The Past Continuous tense implies an ongoing action rather than a finite occurrence - instead of “she ran”, one would say “she was running.” Here the past is linguistically conjoined with the present. This form of grammar embeds itself within these drawings, photographs, animations, and sculptures in a way that sidesteps nostalgia by negotiating time – its traces and artifacts – as malleable for redefinition.
For John Lehr and Kara Rooney, the trace of an action, or the detritus gathered upon a surface, becomes a source of spectacle and atmosphere. John Lehr’s close inspection of worn surfaces turns Roland Barthes’ observation of the “this-has-been” of photography into a nearly abstract optical experience. Lehr’s images imply a dynamic painterly expanse due to the lack of contextual information, even as his photographs are in fact describing commonplace abraded surfaces in vivid detail. If in Lehr’s work the performance of entropy becomes atmospheric, in Rooney’s, the concrete object becomes performative. Her sculptures and photographic collages hold within them the potential for and echo of past actions. The objects she makes have been acted upon by multiple bodies, and in turn leave a record when animated. Often working in collaboration with choreographers and dancers, Rooney inspects the slippage of language through these forms and structures; exchanges that address, as she says, “the breakdown between memory, linguistic interaction, and actual event.”

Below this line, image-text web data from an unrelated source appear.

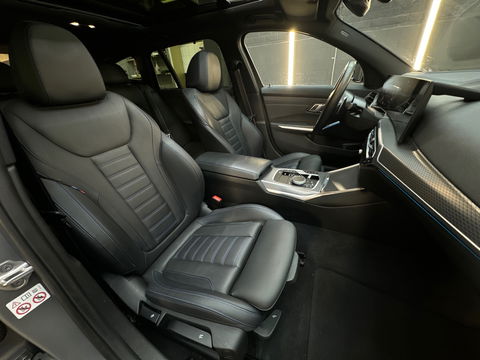 BMW 3 Serie Touring 330e M Sport Pano|Trekhaak|HuD|360C|ACC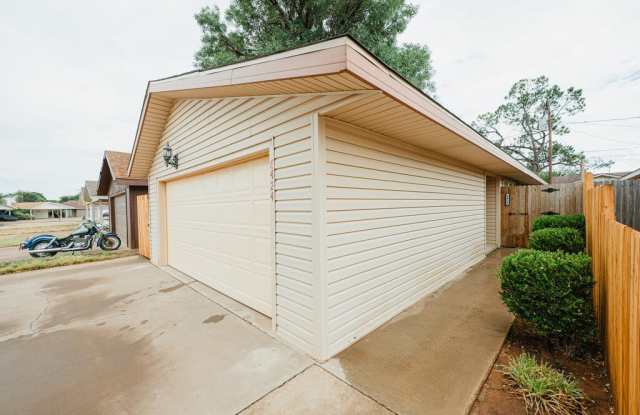 6424 Amber Dr Gallery 2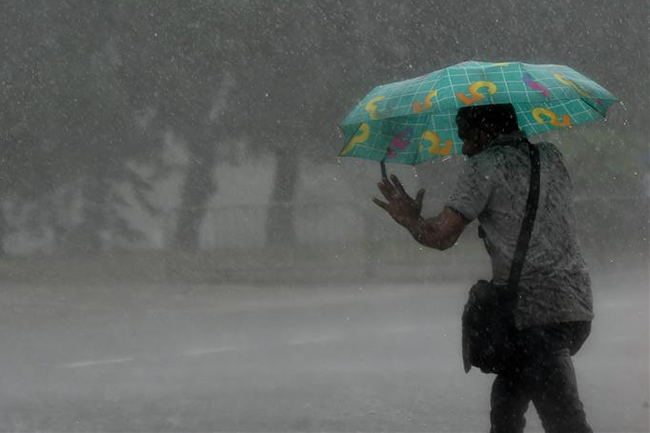 Heavy rainfall above 100 mm expected in three provinces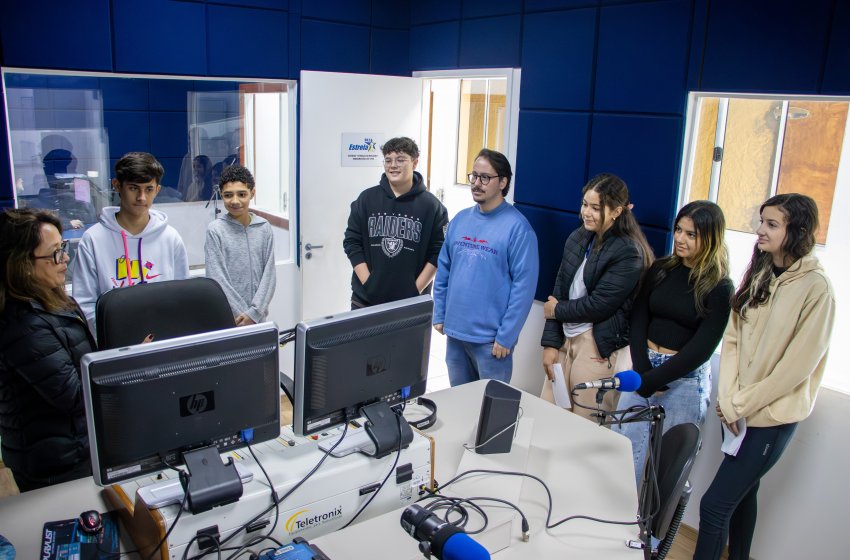 ALUNOS DA EDUCAÇÃO MUNICIPAL VIVEM EXPERIÊNCIA INÉDITA NA RÁDIO ESTRELA DE JAGUARIÚNA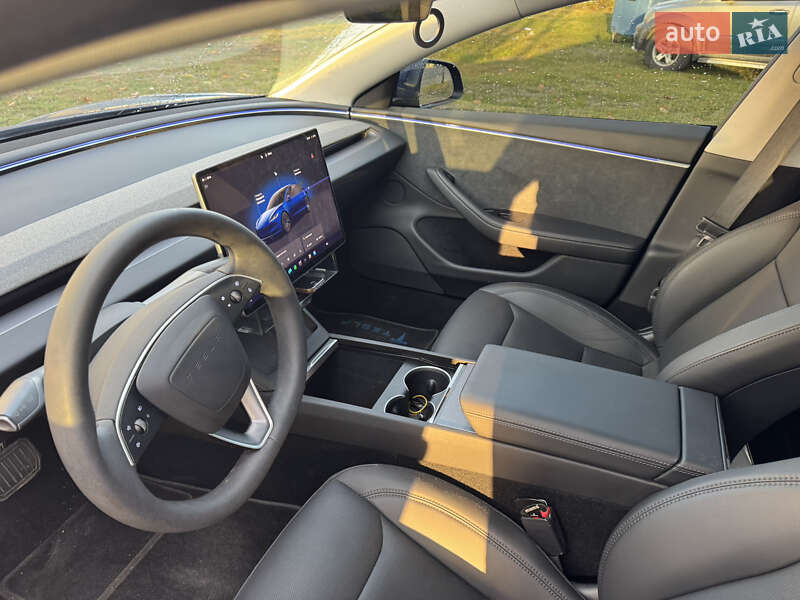 Седан Tesla Model 3 2024 в Ужгороді фото 11 Седан Tesla Model 3 2024 в Ужгороді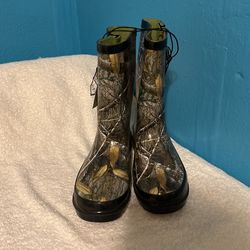 Water Boots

Mickalene Thomas and Matt Bollinger recall parental figures as a vehicle for a sort of time travel. Thomas has cast her mother’s belongings in bronze. This material, associated with permanent memorial, turns once-daily accouterments into calcified mementos. An old digital camera, a necklace, and earrings become powerful relics, the lost-wax casting process destroying the original object while creating a transformed record. Bollinger’s work also mines his own familial history. His large drawing is a reconstruction, based upon the various shops that he would encounter while his father made deliveries for his auto parts retail business; these are places where Bollinger spent countless hours as a child. His hand-drawn animation, titled Mark of the Wolf, is a kinetic archive of many drawings, where both medium and subject invoke the passage of time.

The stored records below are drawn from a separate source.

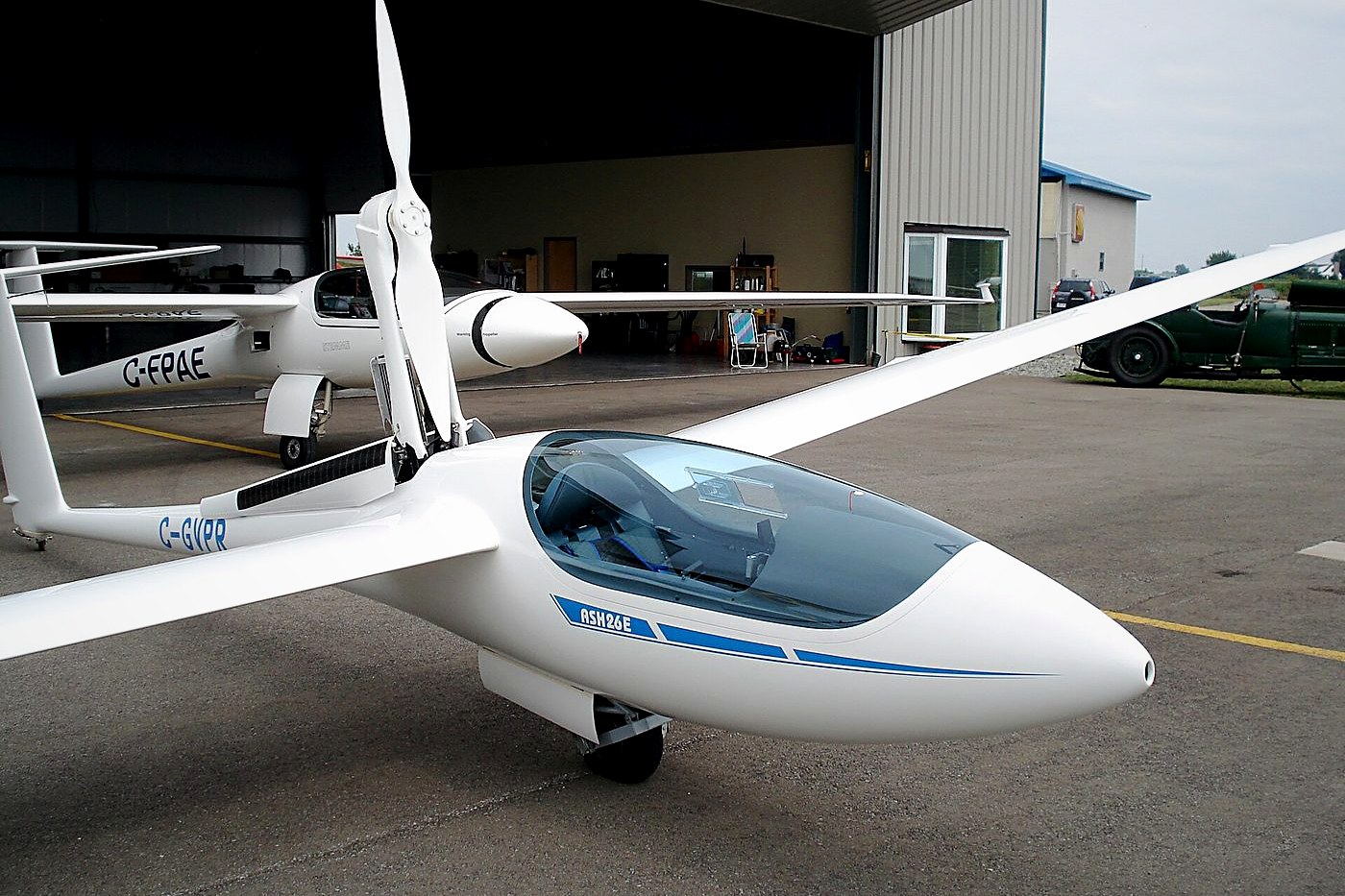 Schleicher ASH-26E
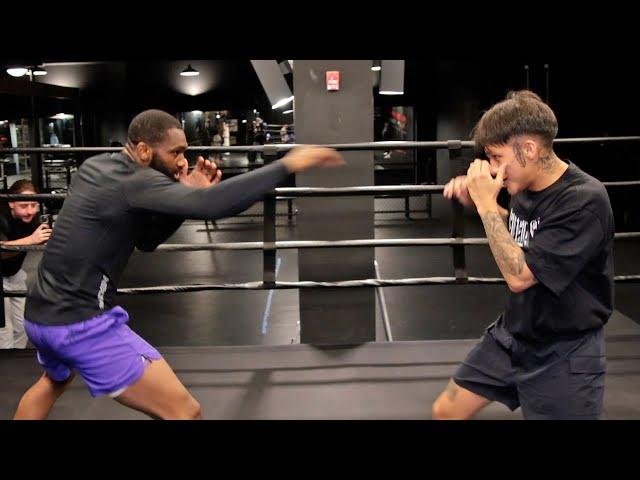 Jaron Ennis SHADOWBOXES vs Bam Rodriguez! Shows SCARY POWER in workout for Chukhadzian rematch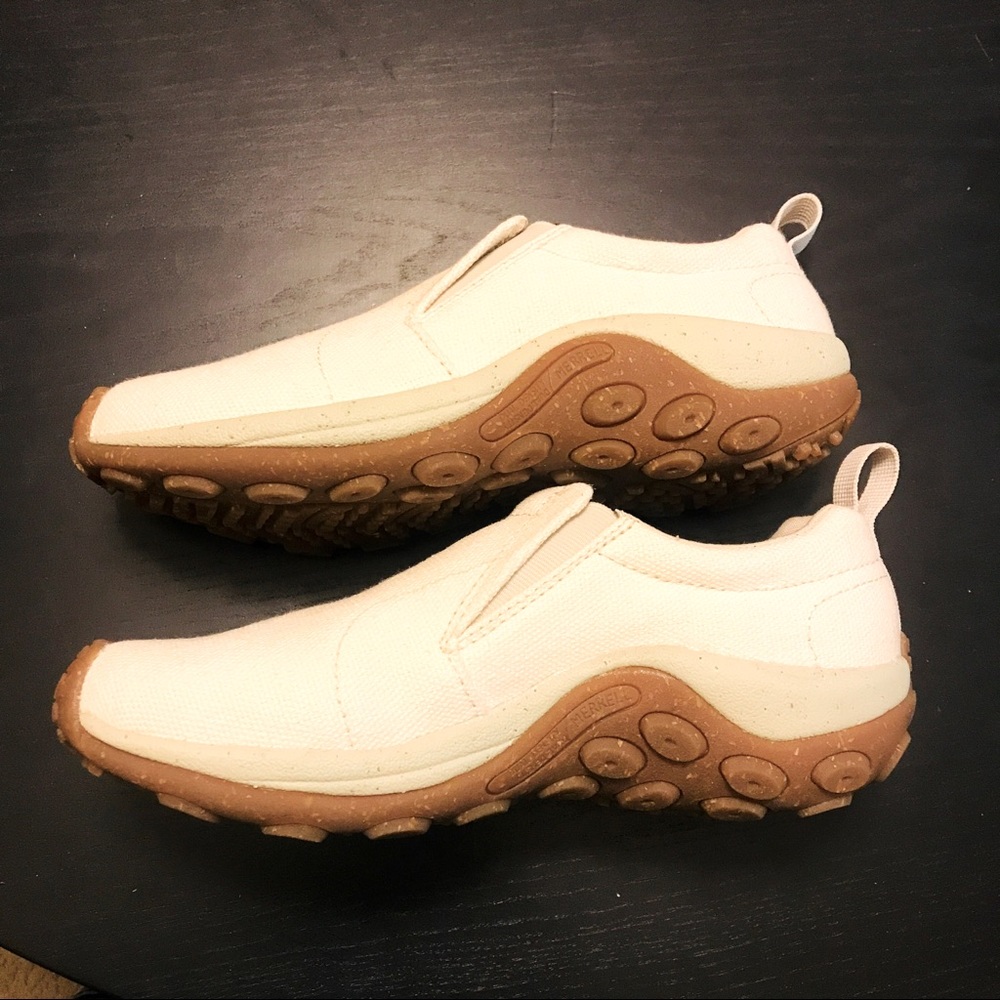 NWT Merrell Jungle Mocs - Women 7.5 - Cream
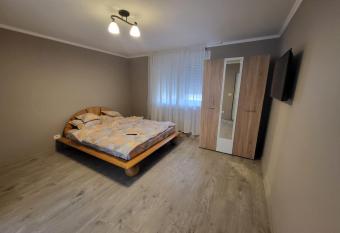 Casa Berzelor allows 18 year olds to book a room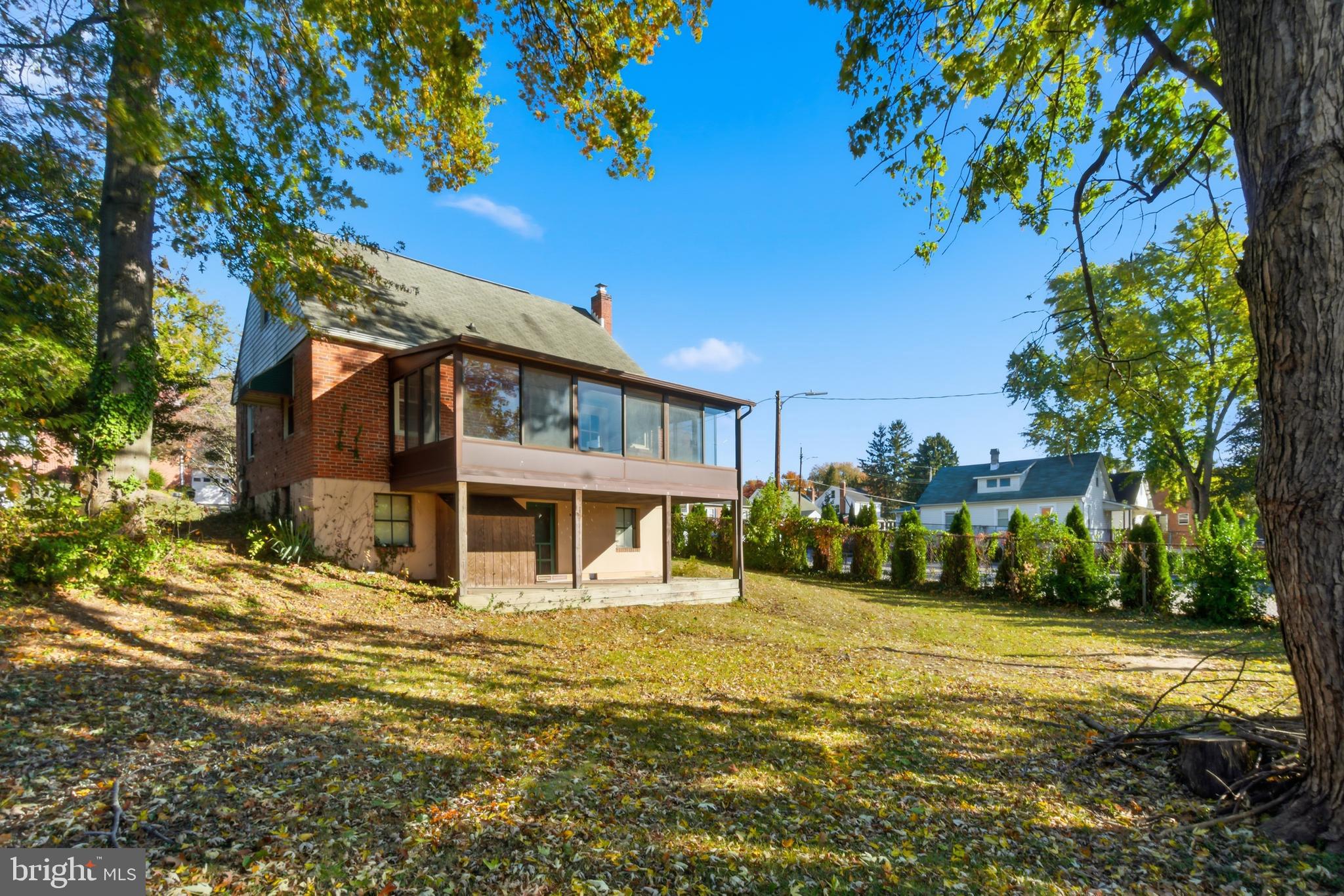 LANDSDOWNE - Residential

Both Jenny Vogel and Colette Robbins employ modern technology to evoke a synthetic sense of antiquity. Robbins researches diverse sources - rock formations, Rorschach inkblots, and anatomical diagrams – on her way to creating what appear to be artifacts. She uses a combination of traditional drawing media and 3-D modeling software, evoking the mystery of prehistoric form as a metaphor for the way the mind interprets, synthesizes, and forgets information. Vogel has used related technology to create her video The Art of Forgetting, which is built with open-source 3-D scans of sculptures from the Metropolitan Museum of Art. The scans meet within a virtual non-space, where both our view and the spoken chorus circulate around these antiquated ghosts.
The works included in Past Continuous do not historicize static moments, but instead actively reformulate the seemingly old into the new through process and material engagement. Time is not so much linear as it is circular. As William Faulkner wrote, “The past is never dead. It’s not even past.”